As we discussed in our previous blog post about Long Lower Shadow candlesticks, a Japanese candlestick’s lower wick (also called its shadow or tail) plays an important role in conveying the price movement of the interval. It shows the interval’s lowest price, while the bottom of the candle shows the opening price (in a bullish candle) or closing price (in a bearish candle). So what happens if the lower wick is shaved off? This means that the interval’s opening/closing price (depending on the candle’s bullish/bearish sentiment) is the same as the lowest price. In other words, you have a Shaved Bottom candlestick on your hands.
Shaved Bottom Candlestick
This is an easy one! Consisting of just one candle, the Shaved Bottom candlestick has only one defining characteristic. It can appear anywhere on a chart, and it can be white/green (bullish) or black/red (bearish). It may or may not have an upper wick, but (and this is the important part) it cannot have a bottom wick. The tail should be shaved off, the shadow elusive.
The Shaved Bottom (also called the Shaven Bottom) resembles an Inverted Hammer candlestick. In fact, some say the two names can be used interchangeably to describe a candlestick without a lower shadow. Typically, however, the Inverted Hammer has a short body while the Shaved Bottom can have any body length. So in that sense, all Inverted Hammers are also Shaved Bottoms, but only some Shaved Bottoms are also Inverted Hammers.
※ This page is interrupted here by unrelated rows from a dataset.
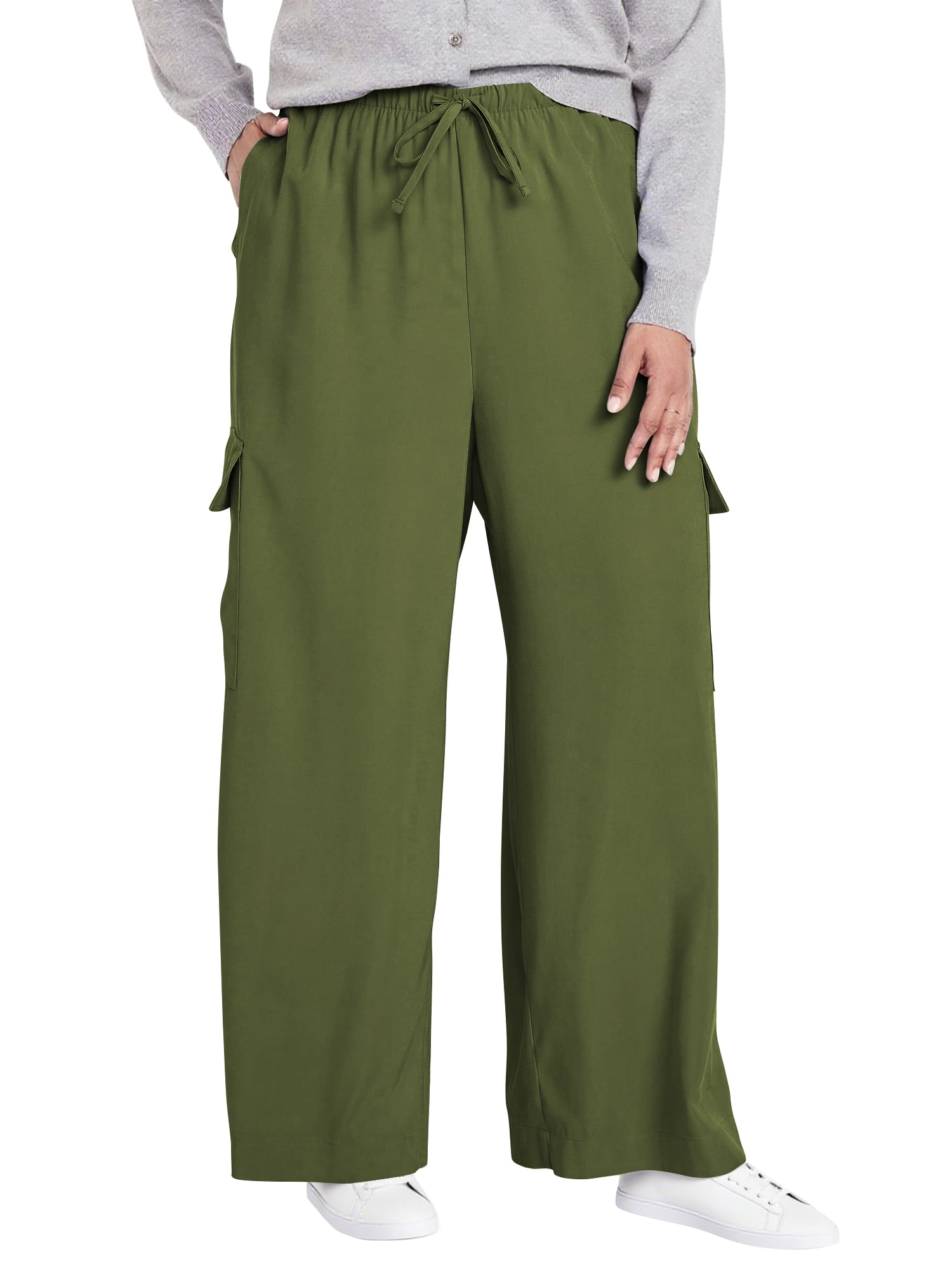 Mnyycxen Women's Cargo Jogger Pants Elastic High Waist Baggy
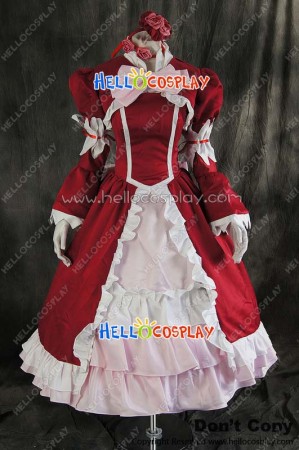 Black Butler Cosplay Elizabeth Ethel Cordelia Midford Red Dress Costume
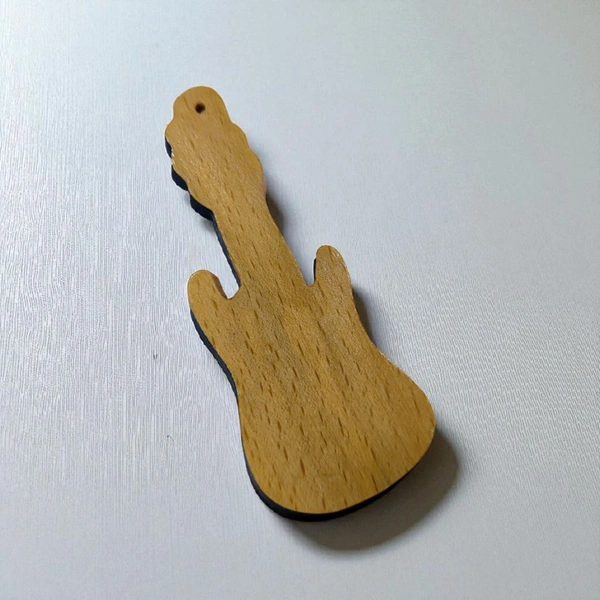 Guitar Shape - Wooden Engraving Keychain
So what does a Shaved Bottom candlestick mean for you, as a trader?
If the interval’s opening price is also its lowest price (forming a bullish candlestick), the bulls have dominated the trading period. Whether the flight is clipped or lengthy, the price has soared upwards. It never drops below the opening price.
If the interval’s closing price is also its lowest point, the day has been defined by a bearish sentiment. Although it may have bounced around at the start, the price at the end of the day was also the lowest price of the day.
Sometimes the Shaved Bottom pattern acts as a bottom reversal signal, but you should always confirm this suspicion by watching the price movement following the appearance of this candlestick. Confirmation is crucial, because the pattern isn’t very decisive. In fact, other times, when identified in an existing trend, the Shaved Bottom can suggest a continuation of the current price movement.
As a one-candle signal, the Shaved Bottom is both unreliable and extremely common. Although not typically useful as an indicator on its own, check to see if it is part of a larger candlestick pattern.